◆ **TASK DESCRIPTION**: Leave every picture out, and print the full listing again exactly.

◆ **INFORMATION SHOWN**:
══════

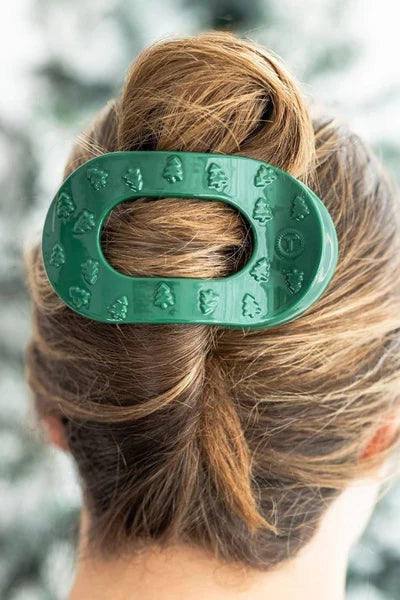 Oh Christmas Tree Flat Round Hair Clip
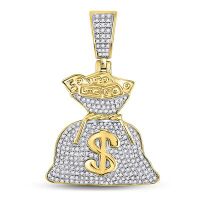 10K Yellow Gold Round Diamond Money Bag Dollar Charm Pendant 0.50 Cttw
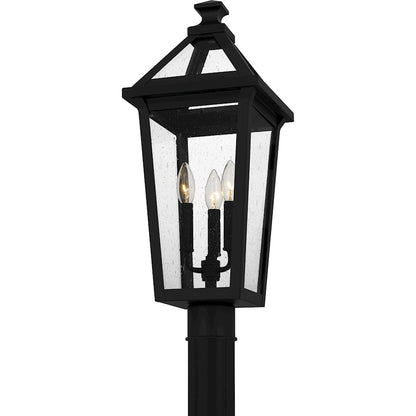 Boulevard 3 Light Outdoor Post Lantern, Black/Clear Seedy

══════

◆ **RESULT OF THIS TASK**:
 Oh Christmas Tree Flat Round Hair Clip
 10K Yellow Gold Round Diamond Money Bag Dollar Charm Pendant 0.50 Cttw
 Boulevard 3 Light Outdoor Post Lantern, Black/Clear Seedy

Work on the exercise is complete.